Spaceborne scatterometer observations, especially at Ku-band, are affected by rain and these effects need to be corrected to avoid errors in wind retrievals. Although several semi-empirical techniques have been already developed to correct the wind retrievals, a physical forward model of the backscattering coefficient accounting for both wind and rain may lead to a more accurate approach in estimating winds. Three main steps are needed to construct this model, such as: modeling the effects due to the raindrops impinging over the ocean surface; modeling the attenuation on the signal going through the precipitating event; modeling the volume backscattering introduced by rain. We propose a theoretical model of the ocean surface backscattering coefficient accounting for the surface modifications due to the raindrops’ impact.

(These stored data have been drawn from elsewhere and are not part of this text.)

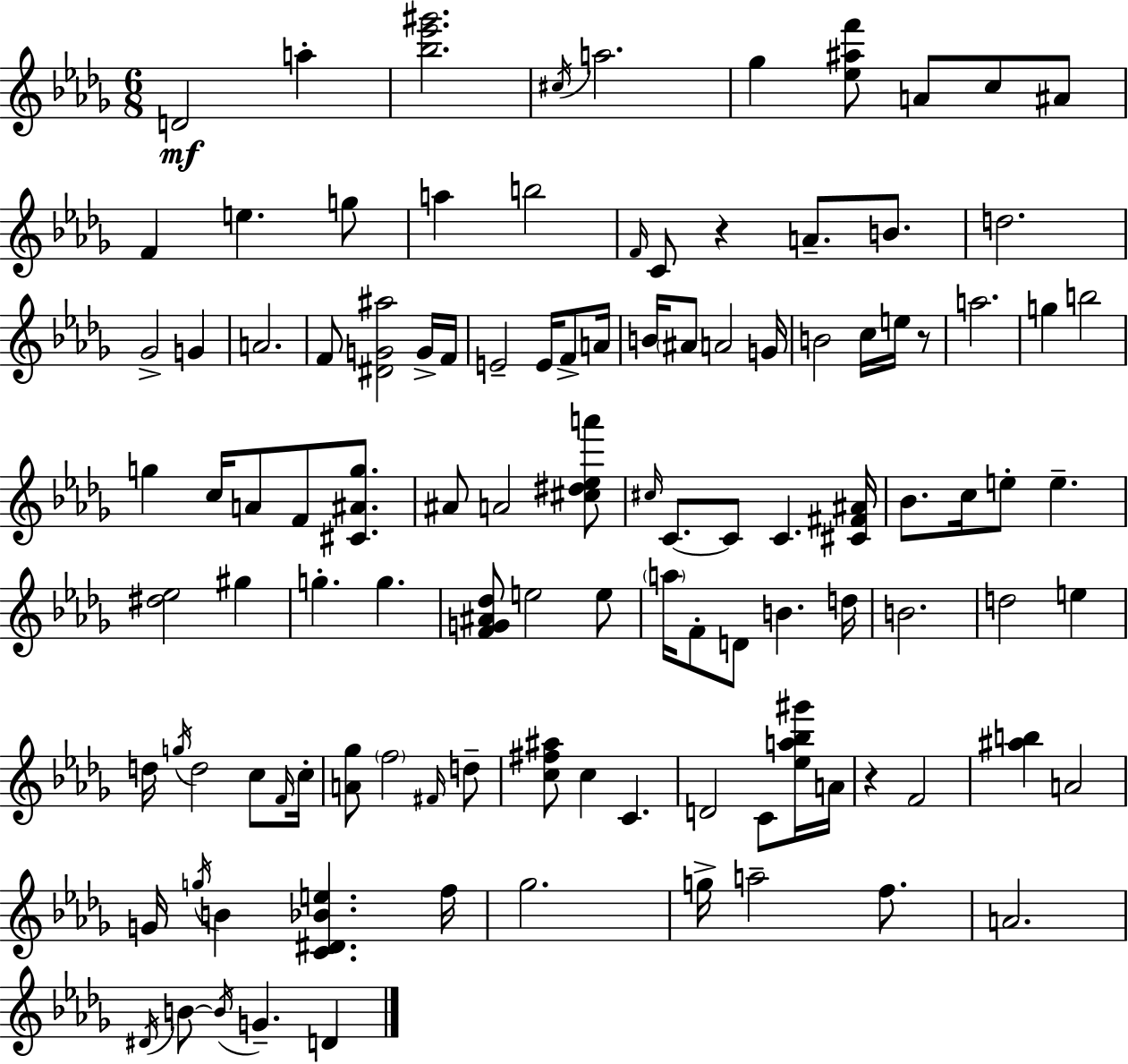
{
  \clef treble
  \numericTimeSignature
  \time 6/8
  \key bes \minor
  d'2\mf a''4-. | <bes'' ees''' gis'''>2. | \acciaccatura { cis''16 } a''2. | ges''4 <ees'' ais'' f'''>8 a'8 c''8 ais'8 | \break f'4 e''4. g''8 | a''4 b''2 | \grace { f'16 } c'8 r4 a'8.-- b'8. | d''2. | \break ges'2-> g'4 | a'2. | f'8 <dis' g' ais''>2 | g'16-> f'16 e'2-- e'16 f'8-> | \break a'16 b'16 \parenthesize ais'8 a'2 | g'16 b'2 c''16 e''16 | r8 a''2. | g''4 b''2 | \break g''4 c''16 a'8 f'8 <cis' ais' g''>8. | ais'8 a'2 | <cis'' dis'' ees'' a'''>8 \grace { cis''16 } c'8.~~ c'8 c'4. | <cis' fis' ais'>16 bes'8. c''16 e''8-. e''4.-- | \break <dis'' ees''>2 gis''4 | g''4.-. g''4. | <f' g' ais' des''>8 e''2 | e''8 \parenthesize a''16 f'8-. d'8 b'4. | \break d''16 b'2. | d''2 e''4 | d''16 \acciaccatura { g''16 } d''2 | c''8 \grace { f'16 } c''16-. <a' ges''>8 \parenthesize f''2 | \break \grace { fis'16 } d''8-- <c'' fis'' ais''>8 c''4 | c'4. d'2 | c'8 <ees'' a'' bes'' gis'''>16 a'16 r4 f'2 | <ais'' b''>4 a'2 | \break g'16 \acciaccatura { g''16 } b'4 | <c' dis' bes' e''>4. f''16 ges''2. | g''16-> a''2-- | f''8. a'2. | \break \acciaccatura { dis'16 } b'8~~ \acciaccatura { b'16 } g'4.-- | d'4 \bar "|."
}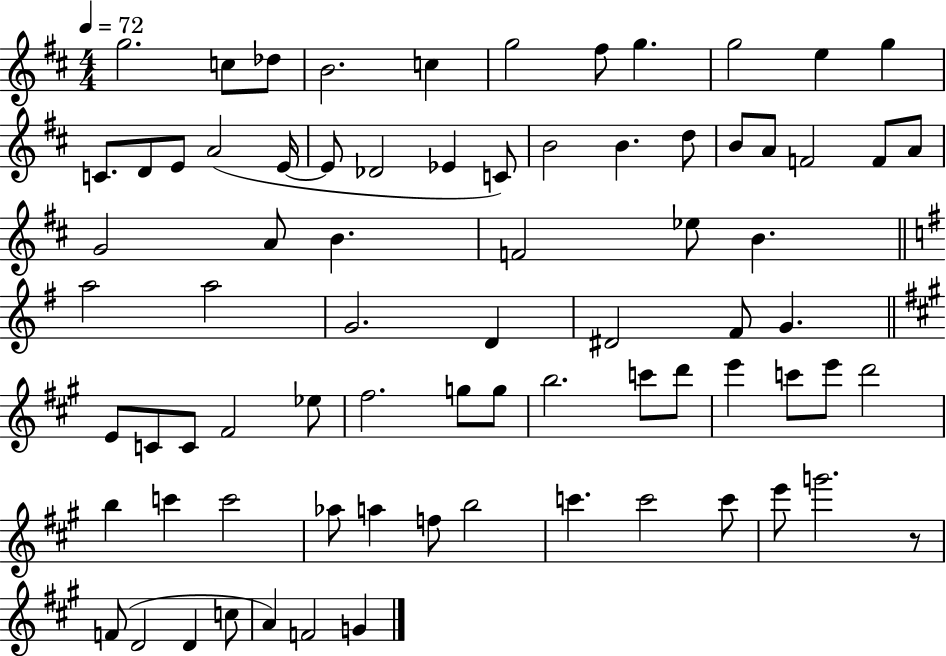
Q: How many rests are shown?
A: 1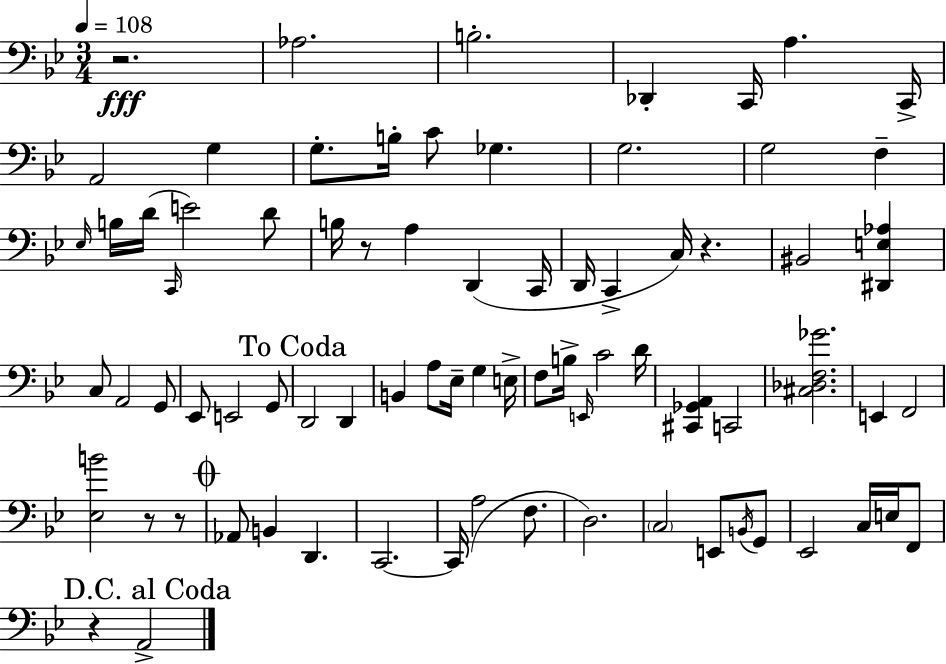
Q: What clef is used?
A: bass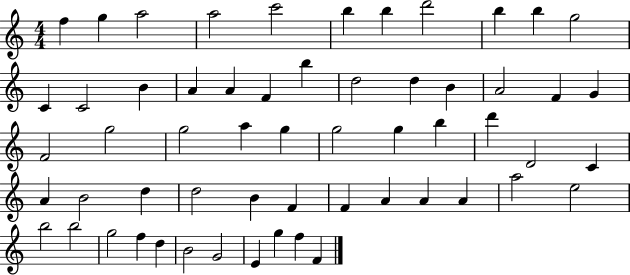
X:1
T:Untitled
M:4/4
L:1/4
K:C
f g a2 a2 c'2 b b d'2 b b g2 C C2 B A A F b d2 d B A2 F G F2 g2 g2 a g g2 g b d' D2 C A B2 d d2 B F F A A A a2 e2 b2 b2 g2 f d B2 G2 E g f F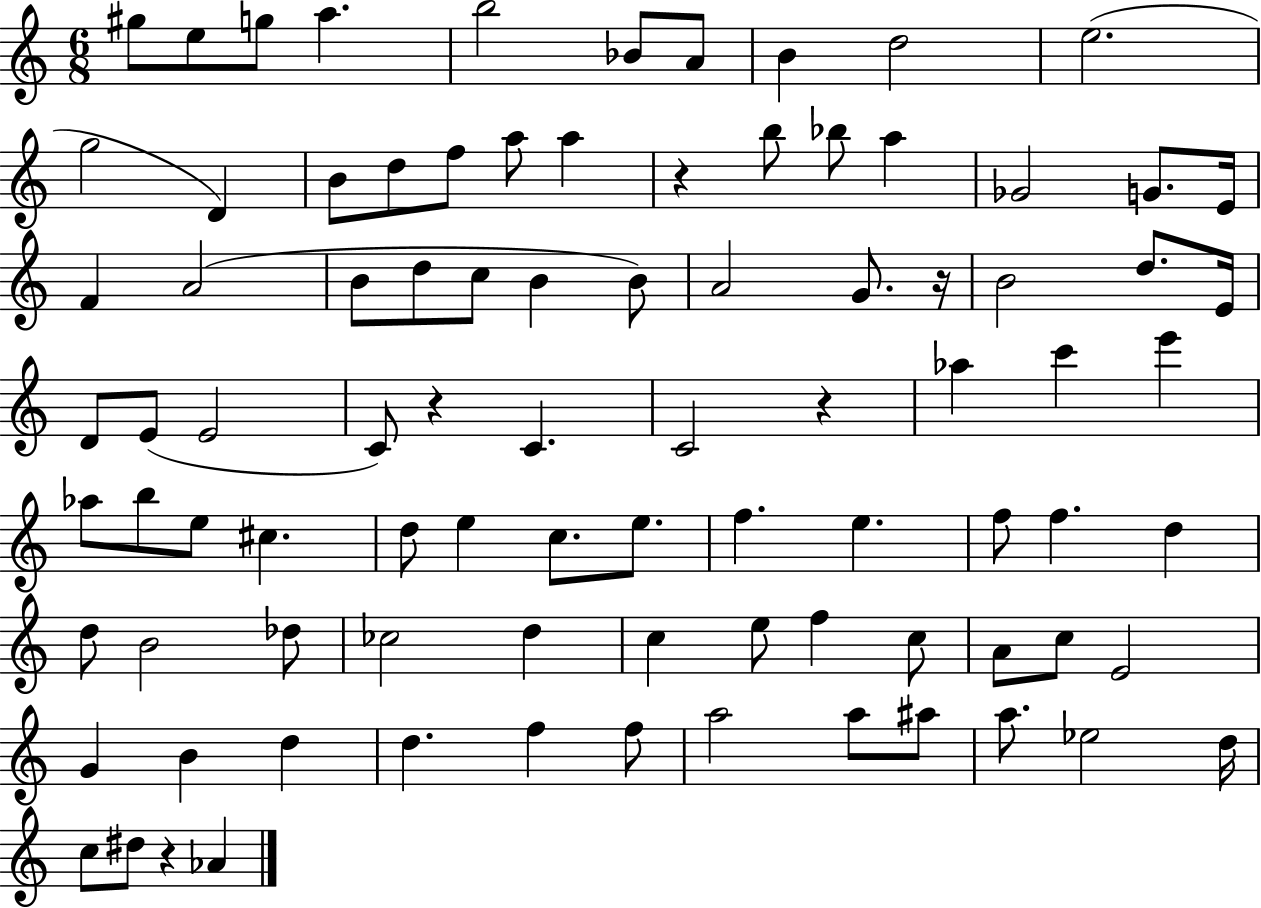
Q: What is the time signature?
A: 6/8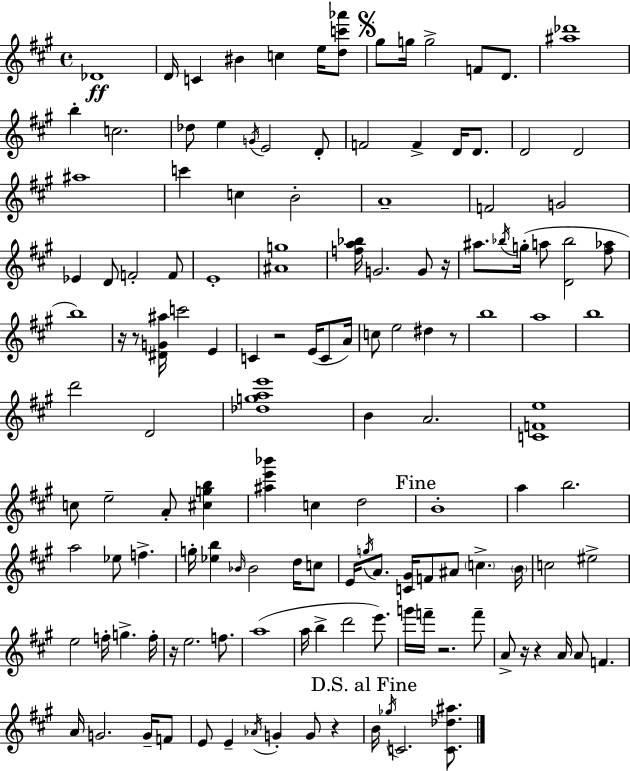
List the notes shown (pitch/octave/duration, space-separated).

Db4/w D4/s C4/q BIS4/q C5/q E5/s [D5,C6,Ab6]/e G#5/e G5/s G5/h F4/e D4/e. [A#5,Db6]/w B5/q C5/h. Db5/e E5/q G4/s E4/h D4/e F4/h F4/q D4/s D4/e. D4/h D4/h A#5/w C6/q C5/q B4/h A4/w F4/h G4/h Eb4/q D4/e F4/h F4/e E4/w [A#4,G5]/w [F5,A5,Bb5]/s G4/h. G4/e R/s A#5/e. Bb5/s G5/s A5/e [D4,Bb5]/h [F#5,Ab5]/e B5/w R/s R/e [D#4,G4,A#5]/s C6/h E4/q C4/q R/h E4/s C4/e A4/s C5/e E5/h D#5/q R/e B5/w A5/w B5/w D6/h D4/h [Db5,G5,A5,E6]/w B4/q A4/h. [C4,F4,E5]/w C5/e E5/h A4/e [C#5,G5,B5]/q [A#5,E6,Bb6]/q C5/q D5/h B4/w A5/q B5/h. A5/h Eb5/e F5/q. G5/s [Eb5,B5]/q Bb4/s Bb4/h D5/s C5/e E4/s G5/s A4/e. [C4,G#4]/s F4/e A#4/e C5/q. B4/s C5/h EIS5/h E5/h F5/s G5/q. F5/s R/s E5/h. F5/e. A5/w A5/s B5/q D6/h E6/e. G6/s F6/s R/h. F6/e A4/e R/s R/q A4/s A4/e F4/q. A4/s G4/h. G4/s F4/e E4/e E4/q Ab4/s G4/q G4/e R/q B4/s Gb5/s C4/h. [C4,Db5,A#5]/e.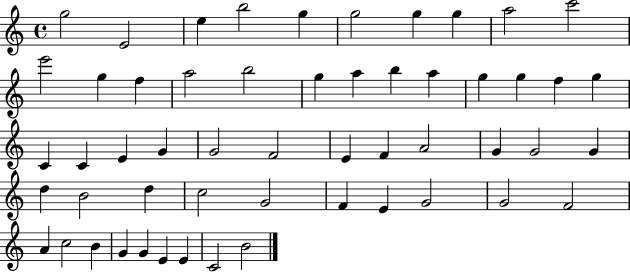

Modeling both the attenuation and volume backscattering will be the objective of future works. The ocean surface scattering model is based on a modified version of the surface wind waves spectrum developed by Donelan and Pierson (1997) which is suitable to include the splash effects. Main results suggest that this model is able to simulate the co-polar surface backscattering coefficient in both rainy and non-rainy conditions especially at V polarization. However, main discrepancies are found at H polarization where comparisons between the rain-free model and the QuikSCAT Ku-band scatterometer geophysical model function show disagreements especially at medium and high winds. To address this problem we are investigating the model of ocean surface response by analyzing its behavior for different wind wave spectra as well as by comparing it to different geophysical model functions. Moreover, analysis of wind variability will be carried out in order to perform a sensitivity study to the wind changes. Such approach is intended to develop a more realistic model to accurately simulate the ocean surface response considering both polarizations.